O Jornal Nacional procurou em São Paulo o endereço onde as duas empresas que receberam repasse deveriam funcionar, mas descobriu que elas não existem.
A Polícia afirma que a Idéia Digital tentou montar o mesmo esquema em Mato Grosso. A empresa é suspeita de ter pago R$ 235 mil como despesas de campanha do deputado Federal Valtenir Pereira (PSB). Há três anos o deputado apresentou uma emenda para projetos de inclusão digital no estado.
Agora a PF vai encaminhar o inquérito ao Ministério Público Federal com a recomendação de que seja apurada a eventual participação do governador da Paraíba, Ricardo Coutinho, e do ministro das Cidades, Aguinaldo Ribeiro, que, na época, era secretário de Ciência e Tecnologia de João Pessoa.
O governo da Paraíba informou que as empresas investigadas não foram doadoras de campanha e que as contas das últimas eleições foram aprovadas pela Justiça Eleitoral e que desconhece que o governador tenha sido citado neste inquérito. A assessoria do governo disse ainda que Rômulo Gouveia já prestou todos os esclarecimentos sobre o caso e que ele não se envolveu em nenhuma fase do projeto.
Advogado contesta – De Paris, o advogado do publicitário Duda Mendonça, Antônio Carlos de Almeida Castro, o Kakay, falou com a reportagem do Jornal Nacional e contestou as informações do inquérito da PF, chegando a classificá-la de “um nada jurídico”. Segundo ele, o publicitário não foi ouvido durante as investigações e não teria incorrido em qualquer irregularidade.
“É lamentável que a Polícia Federal, se é que fez, porque eu não tenho informação oficial, mas, se fez o indiciamento dele não vale nada juridicamente. Nada mais é que a impressão de um delegado. É um nada jurídico, mas é uma falta de respeito ao direito do cidadão que sequer foi ouvido. Temos como comprovar que ele prestou o serviço, emitiu a nota, recebeu o dinheiro e pagou o imposto”.
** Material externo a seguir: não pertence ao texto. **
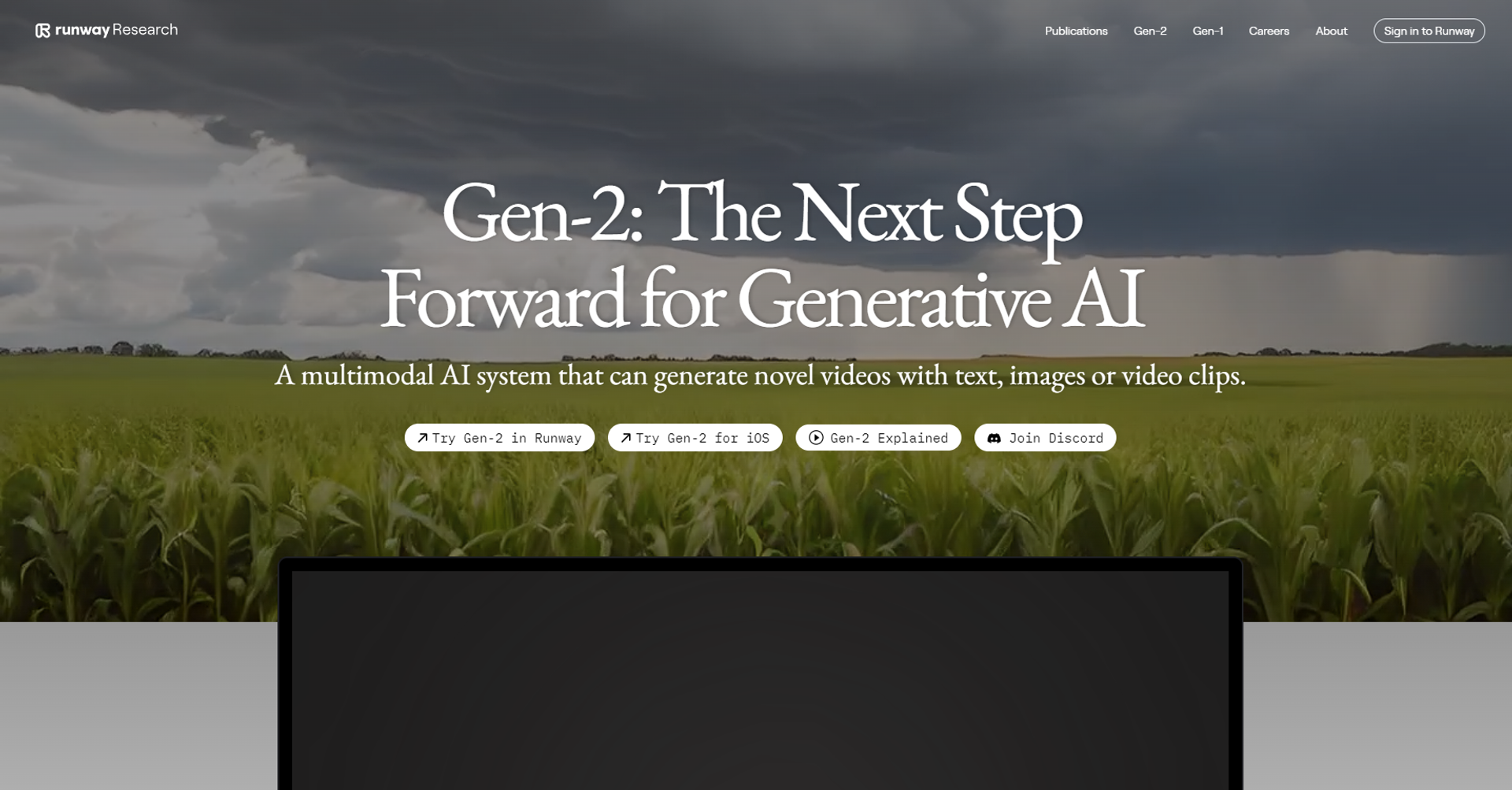 Gen-2 by Runway's featured image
Ele emitiu, ainda, uma nota, a respeito do caso:
“Como advogado do Duda Mendonça quero esclarecer as questões que estão sendo veiculadas sobre o seu suposto indiciamento por lavagem de dinheiro, no caso referente a Paraíba. Duda não foi se quer ouvido, e se tiver sido indiciado sem ser ouvido, terá sido uma injustificável violência e arbitrariedade. A questão é simples: a Duda Propaganda e Associados LTDA (esta empresa é especializada exclusivamente em publicidade) nunca fez campanha politica em toda sua história.
Quem prestou apenas serviço de consultoria politica ao então candidato a governador da Paraíba foi a sua empresa JECM (escritório de consultoria politica) especializada nesta área. Por isso, emitiu nota para o comitê da campanha e recebeu, normalmente, a quantia de 500.000,00. Naquele momento, Duda Mendonça era objeto de toda a atenção da mídia, da PF, do MP, pois estava no centro do famigerado caso “mensalão”.
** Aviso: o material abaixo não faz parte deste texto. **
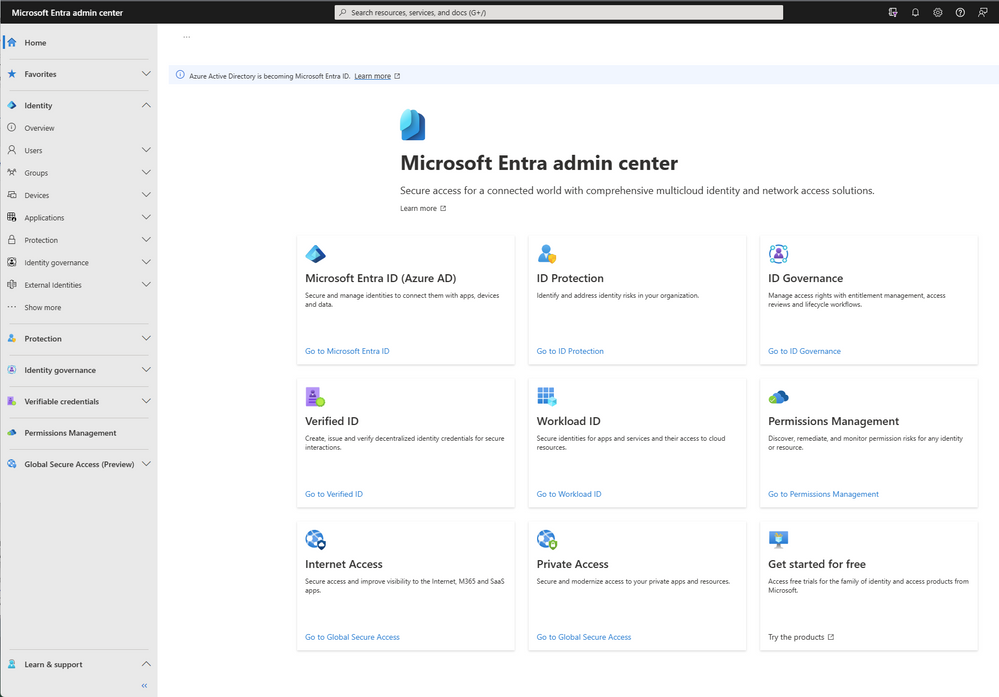 Microsoft Entra ID screenshot - Más Allá de lo Básico: Los 10 Mejores Software de Aprovisionamiento de Usuarios de 2026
Seria inimaginável que naquele  momento o publicitário, que expontaneamente declarou a CPI sua participação no chamado mensalão, viesse a se envolver em qualquer ilícito, muito menos lavagem de dinheiro. Seria cômico, se não fosse trágico, pois , logo após a absolvição de Duda, já transitava em julgado, ele venha a sofrer a injustiça do envolvimento do seu nome, sem ter sido se quer ouvido, e sem ter tido oportunidade de mostrar, se quer, a nota fiscal do seu servico  e de falar sobre seu trabalho.
Estamos à disposição da Justiça para os devidos esclarecimentos, e mais uma vez,  mostrar a injustiça de envolverem, indevidamente, o nome de Duda em alguma irregularidade”.
Aguinaldo – Já a assessoria do ministro Aguinaldo Ribeiro (PP) afirmou que a licitação que resultou na contratação da Idéia Digital foi conduzida pela Secretaria de Administração de João Pessoa e que ele não licitou, contratou ou pagou essa empresa na época.